ADE is seeking reimbursement from AUSD of $1,259,341 and a revised report for FY 2010 so the district will not be overpaid by an estimated $536,386 for FY 2011.

Roosevelt Elementary School District (RESD) was audited for fiscal years 2006, 2007 and 2008.

The report indicated many seventh and eighth grade students did not receive the minimum number of instructional hours, which resulted in an overpayment of $832,520 to Roosevelt in Basic State Aid.

Auditors found many students were ineligible for the English Language Learners program because the students’ home language was reported as English, resulting in an overpayment of $75,432 in state funding.

Auditors also identified numerous examples of inappropriate cell phone use by district staff, including international and long distance calls to Mexico and Canada, excessive text messaging, excessive calls for directory assistance and excessive additional minutes not included in the price plan, resulting in inappropriate costs of nearly $30,000.

According to auditors, since FY 2005, the district has had ongoing problems maintaining and safeguarding its fixed assets.

In reviewing a sample of 125 fixed assets, auditors found 70 valued at over $630,000 that were lost, not properly tagged or not listed appropriately. Additionally, auditors found over 100 items that were not accounted for on any district inventory list.

Auditors were unable to locate many of the district’s fixed assets. After reviewing 226 fixed assets worth approximately $773,000, auditors were unable to locate a food mixer that cost the district $6339; 16 items, including computers, monitors and printers, totaling $21,688; and 59 of the district’s computers purchased with federal funds, ranging in cost from $950 to $2,103.

The auditors cited continued lack of oversight, poor procedures and practices that left the district’s fixed assets vulnerable to theft or misuse.

Auditors also noted RESD’s poor oversight over several critical administrative functions, including over 100 employees that lacked required documentation to prove work eligibility.

Roosevelt exhibited inadequate oversight of its procurement process with purchases circumventing established policies. Auditors identified several examples, including one purchase where the amount paid was $5,017.30 over the purchase order amount of $4,999.
Auditors found travel funds misused, vehicle use not monitored or controlled, and fuel pumps not secure.

For the three years audited, Roosevelt’s overstated ADM and funding adjustments totaled $907,952.

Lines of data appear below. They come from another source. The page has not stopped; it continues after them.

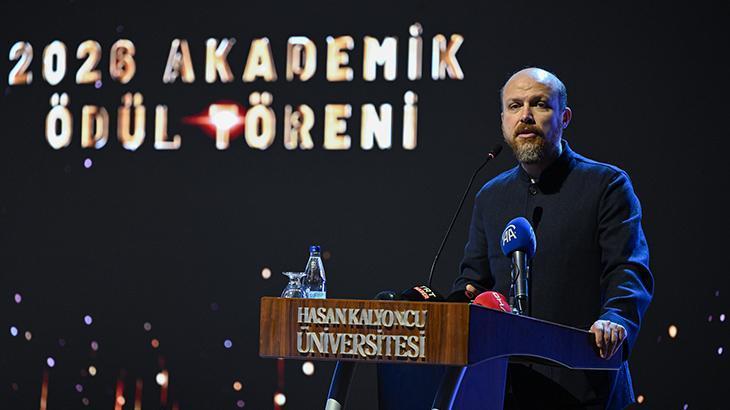 İlim Yayma Vakfı Mütevelli Heyeti Başkanı Bilal Erdoğan, HKÜ’de “Akademik Ödül Töreni”ne katıldı
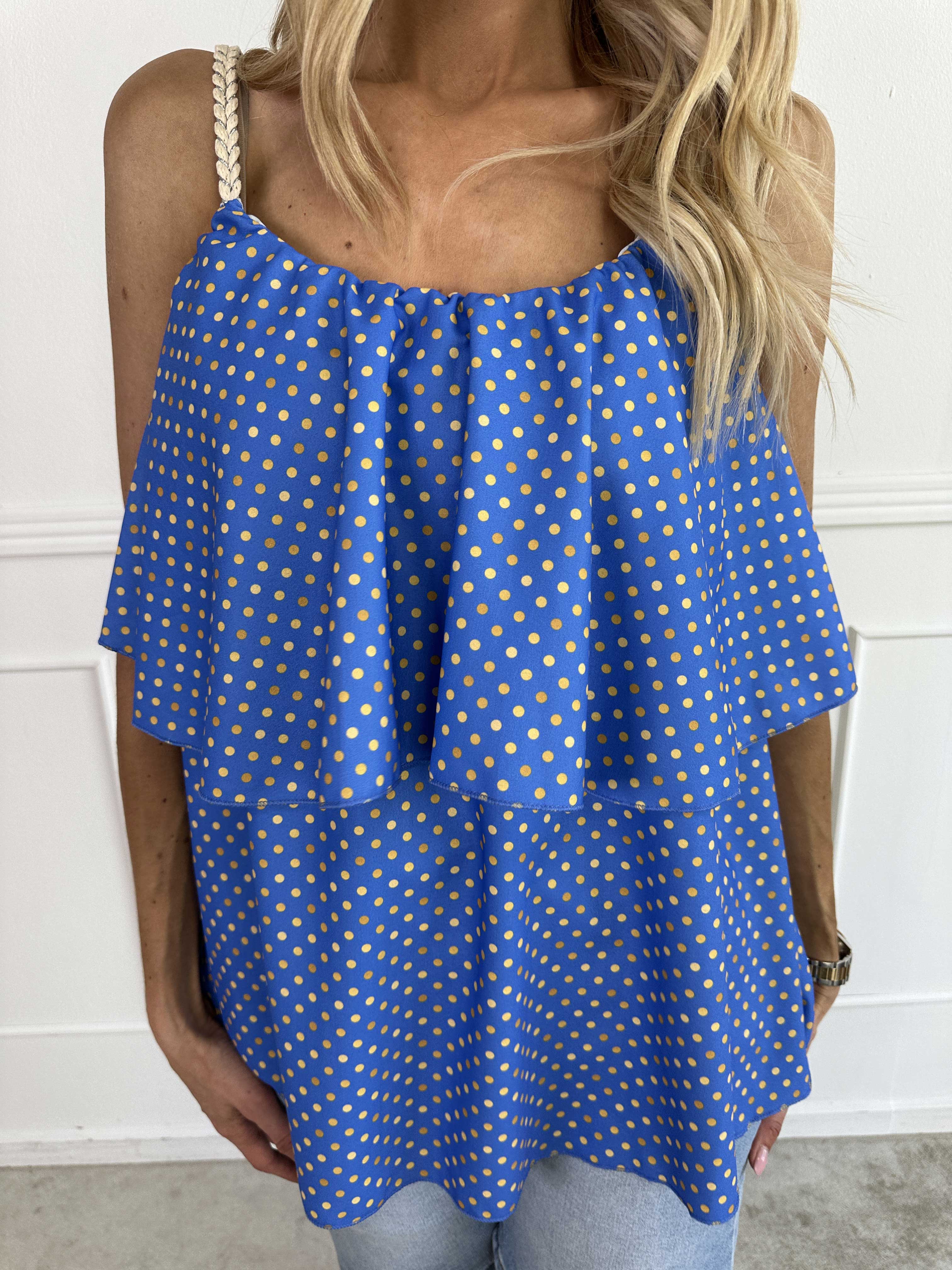 Blanca Dot Top - Prickig topp med volangkant och flätade axelband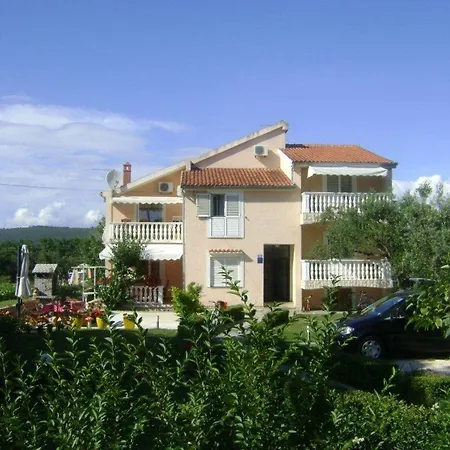 アパート Darko Sukošan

In addition to the $2.2 million it is seeking to recover from Ajo and Roosevelt, ADE is also requesting reimbursement of $1.7 million in overpayments made to the following districts, as a result of audits:
Phoenix Elementary School District $752,000
East Valley Institute of Technology $573,000
Pima Partnership High School – Day and Night School $190,000
Dysart Unified School District $162,000
Omega Charter School $43,000
Maya Public Charter School $12,000
Friendly House $11,000

According to Dr. Byron Schlomach, economist and director of the Center for Economic Prosperity at the Goldwater Institute, “Increasing taxes ‘temporarily’ now just assures that we will have this debate again in three years. The only way to permanently stop an overspending problem is to stop overspending. That means we must take on the challenge of weeding out ineffective programs and waste and stop asking families to sacrifice so the government doesn’t have to.”